Orbiter spacecraft: A spacecraft designed to travel to a distant planet or moon and enter orbit. It must carry a substantial propulsive capability to decelerate it at the right moment to achieve orbit insertion. An orbiter spacecraft must endure periods during which it is shaded from sunlight, thus it must be resistant to extreme thermal variation and will require power storage capacity if equipped with solar panels. Examples of orbiter spacecraft include Magellan, Galileo and Mars Global Surveyor.
Atmospheric probe: A small instrumented craft which separates from the main spacecraft prior to closest approach to a planet to study the gaseous atmosphere of the body as it drops through it. It is equipped with an aeroshell to protect it during atmospheric entry and a parachute to slow its decent. Data is typically telemetered to the mother craft where it is recorded for later transmission to Earth.

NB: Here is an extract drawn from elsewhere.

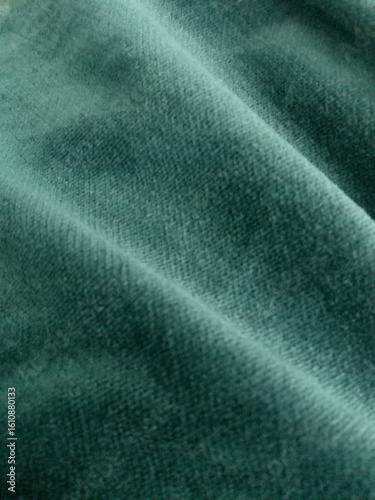 Close-up of deep green velvet fabric texture. Ideal for backgrounds and designs needing a touch of luxury and elegance. Perfect for fashion, textiles, and creative projects.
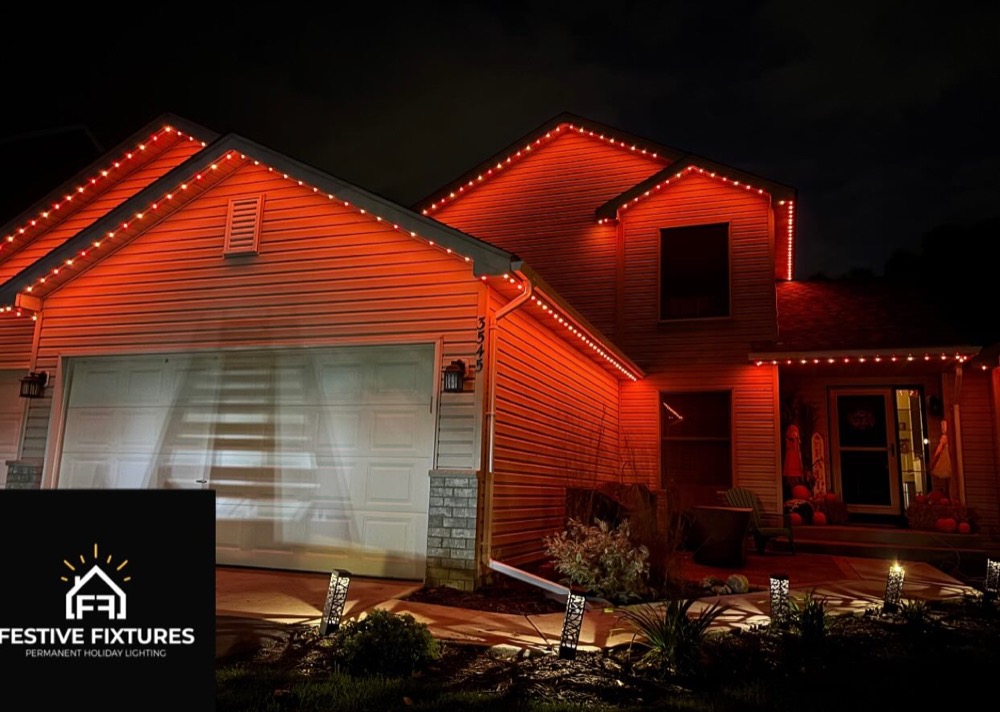 Home with amber permanent architectural lighting for Halloween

Atmospheric balloon package: An instrumented package suspended from a buoyant gas bag, deployed in a planet's atmosphere to study wind circulation patterns. It has a limited complement of spacecraft systems aboard. The minimum requirements include a power supply and telecommunications equipment to permit tracking.

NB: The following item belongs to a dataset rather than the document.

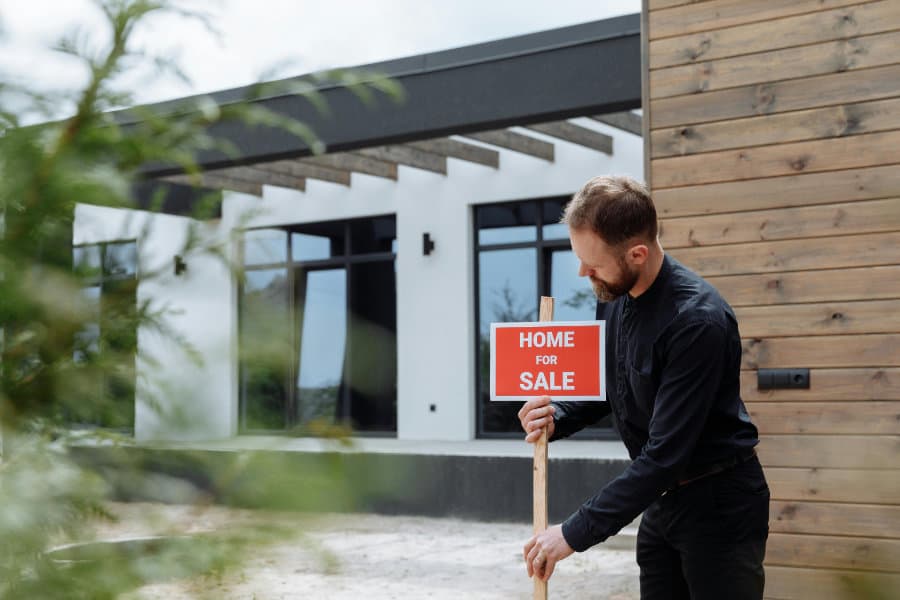 A man putting a sign up in front of a beautiful house. Sign only says Home for Sale with no other details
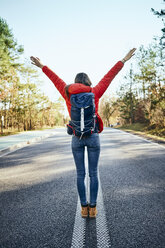 Happy woman raising arms in middle of an empty road during backpacking trip - BSZF00919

Lander spacecraft: A spacecraft designed to reach the surface of a planet or moon and survive long enough to telemeter data back to Earth. It may perform a powered descent and landing or may descend to the surface suspended from a parachute. Examples of lander spacecraft include Surveyor, Viking, Mars Pathfinder and the Soviet Venera.
Surface penetrator: A probe designed to penetrate the surface of a body, surviving an impact of hundreds of g's, measuring and telemetering the properties of the penetrated surface. Data is typically telemetered to the mother craft for re-transmission to Earth. The Mars Polar Lander will deploy two penetrators upon its arrival at Mars.
Surface rover: A semi-autonomous roving vehicle, steerable from Earth, deployed on the surface of a planet or other body, taking images and soil analyses for telemetering back to Earth. The Mars Pathfinder mission included a solar-powered, wheeled microrover named Sojourner.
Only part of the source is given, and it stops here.